Just recorded this from my bedroom window a few minutes ago. This is one of the most familiar fox sounds, and definitely the most eerie. It’s not hard to understand how this sound is sometimes mistaken for someone being murdered!
This particular vocalization is a warning to let other foxes nearby know there is danger in the area.
Can you spot both the fox and the crow in this photo?
Crows are the fox watchers best friend. They regularly alert me to the location of a fox, and as soon as I heard this one (in the tree on the left) calling I knew it had found one, (this time it was Black-Throat.)
So, how do you tell if a crow has found a fox? When crows see foxes they make a furious, constant cawing. They also tend to perch very low to the ground and constantly stare at the spot where the fox is. Next time I’ll see if I can get a video of it.
Mike and I found a strange animal today. I thought it was a coyote pup, but it has the face, ears and mangey (but white tip) tail of a fox. Legs are too long to be a fox though…super strange and sickly, out at 2pm. Or just a giant sickly fox with mange…or a monster. Mike is convinced it is teen wolf.
100% red fox with a nasty case of mange. Foxes are a lot leggier underneath all the fur.
It’s also a myth that foxes only come out at night. It’s quite common for them to be out and about during the day, and they even have special adaptations, (such as expanding and contracting pupils) in order to do so. Foxes are most active during daylight in spring and summer when nights are short and they have cubs to feed. However, foxes with mange are much more likely to be seen wondering about in the open like this as they become so desperate for food and warmth that they loose all fear.
I left after the sun had gone down and spotted her along with two other adults at their regular feeding station, (the neighbors there feed them every evening.) The others ran off but the vixen was too busy eating too notice. I didn’t immediately recognize any of them, which suggests Big Dog’s family have been moved out, although I didn’t get a good enough look at any of them to say for sure.
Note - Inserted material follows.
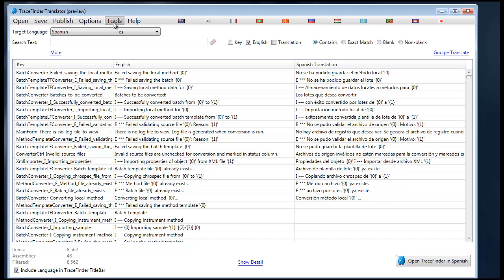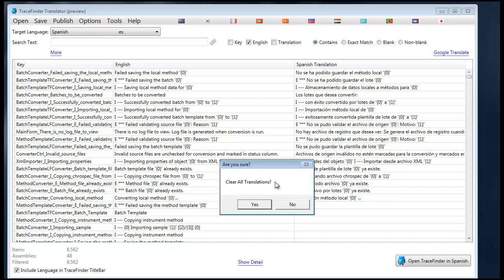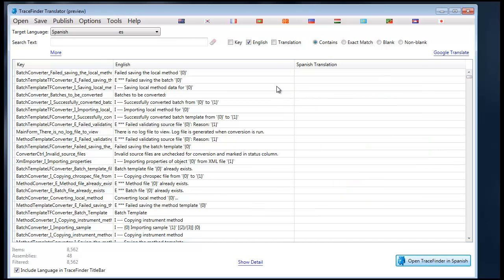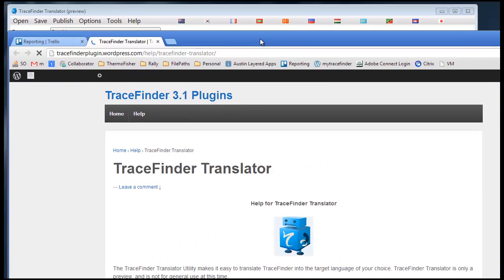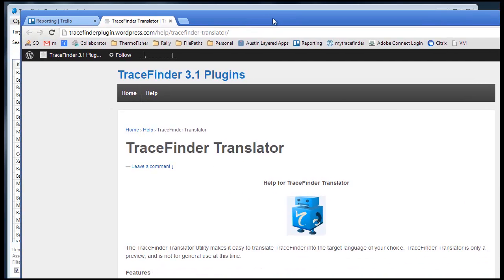The tools menu simply has the option to clear all translations. The help menu will take you to the online TraceFinder Translator help files.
They certainly are an elusive lot, though!
At least the mother is looking very healthy. She’s still got a lovely coat on her, unlike most foxes around here have a more raggedy summer coat. Really shows the difference good, regular food makes! Although these foxes are still excellent hunters, as I often find the fresh remains of pigeons they’ve killed.
Sorry for the lack of cub updates. between my poor health and the appalling weather I haven’t been able to get down to the cemetery much these last few weeks, and when i do go the cubs are always either sleeping or playing in the brambles. However, I managed to film them here by standing on one of the graves.
It’s amazing how much they’ve changed! They’ve doubled in size and have finally got their red coats. They’re also much more cautious and aware of danger now. When one of them did spot me it bolted into deep cover.
Tumblr wouldn’t post the video properly so had to upload from YouTube.
Although that’s about the re-introduction of lynx, the principle is the same. Where wolves and foxes share the same area wolves will hunt and kill foxes to reduce competition, so it would have a noticeable impact on rural populations. Urban populations, however, would probably remain unaffected, as would those in habitat unsuitable for wolves, (intensive farmland, for example.)
Anonymous asked: Where would you say is the best area for fox watching in the UK?
Foxes are present over most of the UK, so I wouldn’t really say there’s one “best” place.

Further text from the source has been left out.